- [THE TASK] The expected output is an exact copy of the lines from the one containing "À la découverte" to the final line below, minus any pictures.

- [RECORDS FOR PROCESSING]
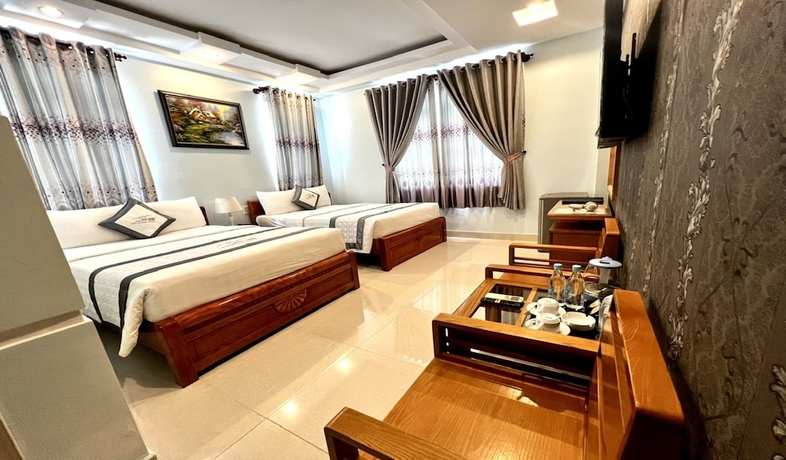 Imagen de la habitación del Hotel Yen Nam Nguyen Trong Tuyen. Foto 2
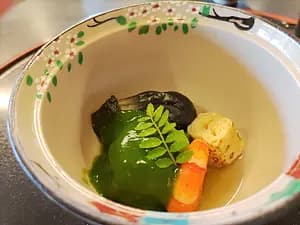 À la découverte d'un vrai matcha à UJI (Kyoto)!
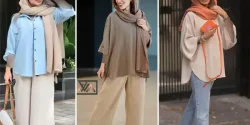 مدل شومیز مانتویی لنین شیک و ساده برای روزهای گرم تابستان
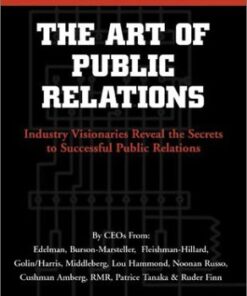 The Art of Public Relations eBook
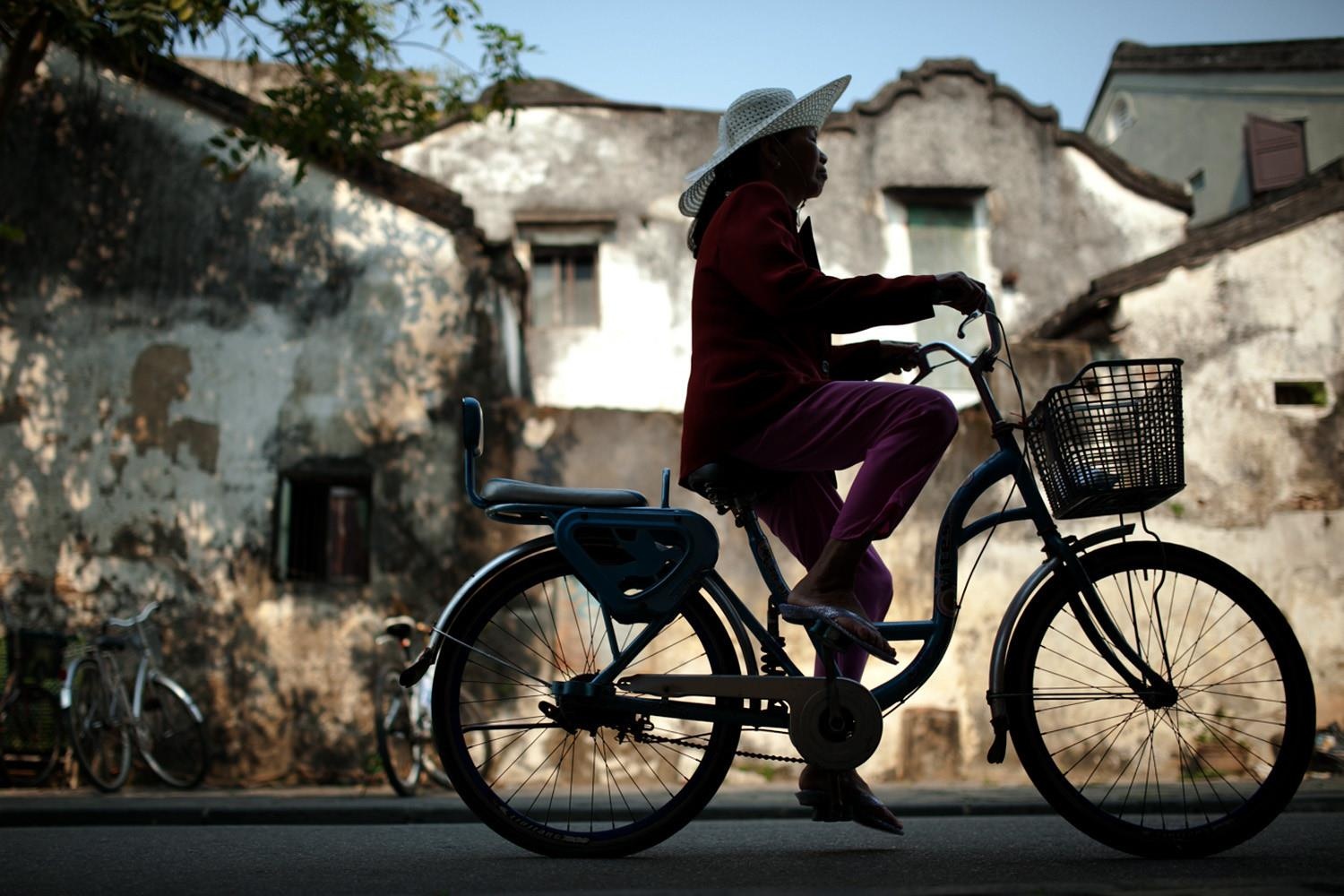 Khong phai cu thich la co 'thanh pho xe dap' hinh anh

- [RESULT BELOW]
 À la découverte d'un vrai matcha à UJI (Kyoto)!
 مدل شومیز مانتویی لنین شیک و ساده برای روزهای گرم تابستان
 The Art of Public Relations eBook
 Khong phai cu thich la co 'thanh pho xe dap' hinh anh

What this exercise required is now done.